《东方》杂志编辑,出了一个极好题目,请各作家叙述他对于未来中国的梦,及个人生活的梦。各种答案,已经在该杂志的新年增刊号发表了。我个人的梦,因投稿时匆促,未经写上。我想个人的梦,时时不同。孔子所谓君子三戒,实指少年人想打架,壮年人想女人,老年人想袁头,便是显见个人的梦变更的历程。在这埋头编辑应接不暇之际,个人忽得一感觉,虽然来得兀突,也可以算是目前个人的梦罢。

  我愿意找到一位替代编辑的人,使我得一个月的顽闲,度一个月顽闲的生活。我登时可以放下笔来,睡四十八小时的大觉。袁世凯、蒋介石来也不见。
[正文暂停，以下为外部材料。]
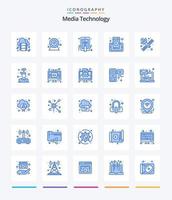 creative media technology 25 blue Icon Pack wie Antennenradar. Kommunikation. Hand berühren. Zelle. Handy, Mobiltelefon vektor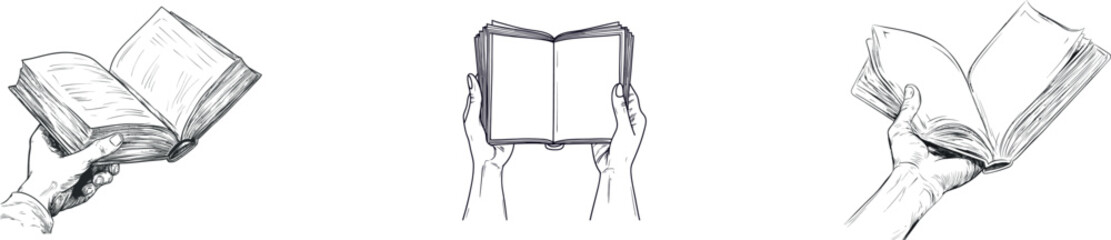An isolated image on a white background showcases a hand-drawn doodle created from one continuous line, featuring a hand that holds a magazine, book, or a piece of paper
  醒来之后,世界电话断绝,邮局封闭,司机罢工;我个人门外贴一张“某人外出”字条,自己换上便服,带一渔竿,携一本《醒世姻缘》,一本《七侠五义》,一本《海上花》,此外行杖一枝,雪茄五盒,到一世外桃源,暂作葛天遗民,“领现在可行之乐,补生平未读之书”。我知道道学先生必说我反革命。而孔二先生却将点头微笑曰:“吾与语也”。